Il s’agit là du 2ème album du groupe (d’ailleurs toujours en activité), et tout est pourtant déjà parfaitement au point. Je ne vous ferai pas un résumé de la biographie du groupe, leur site officiel, excessivement intéressant, le fera mieux que moi. De plus, leurs nombreuses nominations ces 15 dernières années pour tout un tas de récompenses et de participations dans tout un tas de festival, me laisse croire que ce groupe a une notoriété bien plus importante que leur origine de nous laisserait croire.

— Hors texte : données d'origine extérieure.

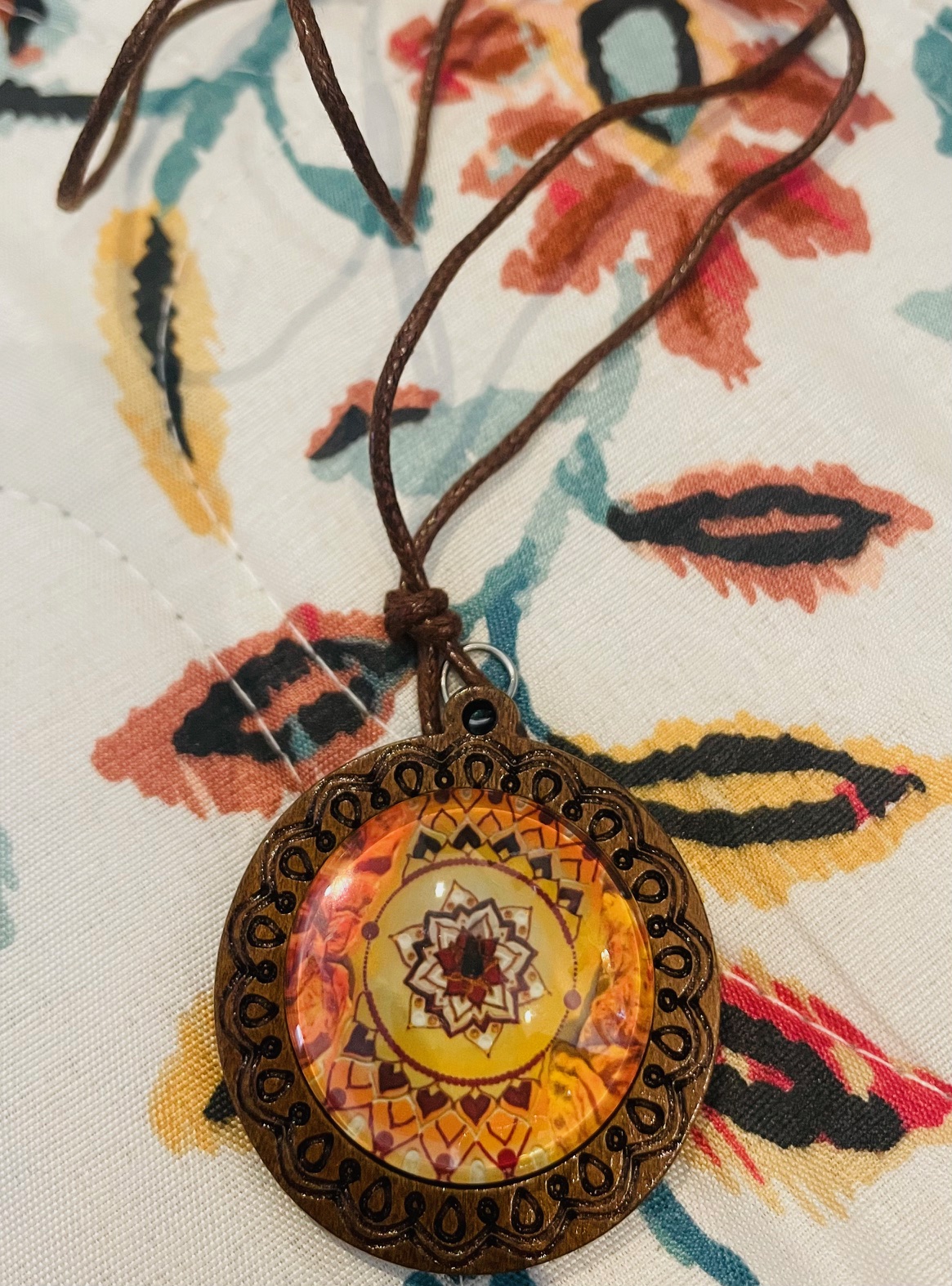 Talisman Ognjena Iskra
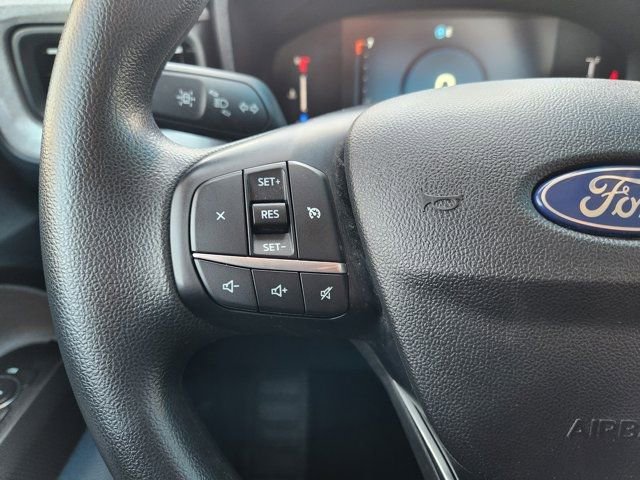 Used 2025 Ford Maverick XLT w/ Equipment Group 302A image 31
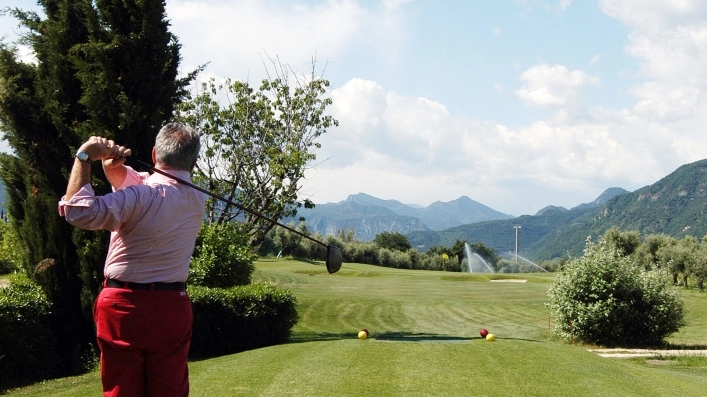 Camping Sanghen - zdjęcie 1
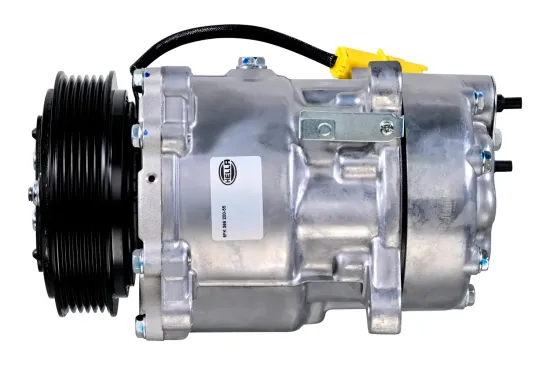 Kompressor, Klimaanlage 12 V HELLA 8FK 366 200-551 Bild Kompressor, Klimaanlage 12 V HELLA 8FK 366 200-551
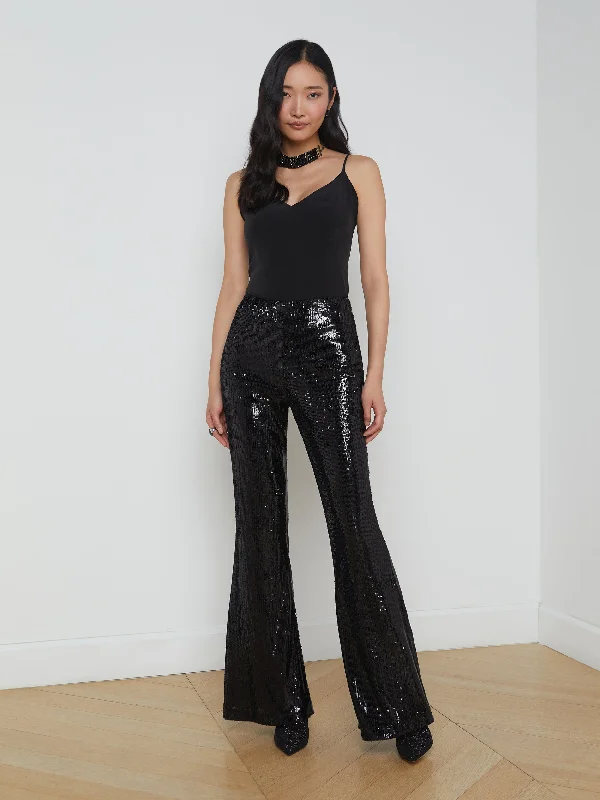 Honor Sequin Pant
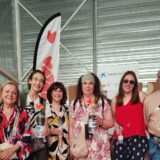 ENCUENTRO LÚDICO DE VOLUNTARIADO “SALAMANCA NOS MOVEMOS”.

Ecouter cet album vous rappellera, ou vous apprendra c’est selon, pourquoi la musique est la plus belle œuvre de l’humanité. Si le groupe provient d’un région rude où vie et survie ne forment encore souvent qu’un seul et même mot, nul doute que son public peut venir de tous les horizons. En faisant des chansons d’une durée inférieure à 5 minutes, Yat-Kha permet au plus grand nombre d’écouter une musique venue d’ailleurs, mais néanmoins et fort heureusement adaptée à l’heure moderne.
La voix de « Chashpy-Khem » apaisera les cœurs les plus lourds, le rock lourd de « Solun Chaagai Sovet Churtum » vous démontrera la fin de l’hégémonie britannique tandis que le rythme endiablé de « Karangailyg Kara Hovaa » vous permettra de faire découvrir ce groupe en soirée, pour peu que vos amis ne soient pas aussi fermés d’esprits que certains membres des divers syndicats étudiants. Si ca ne vous suffit pas, le reste des titres de l’album sont du même niveau.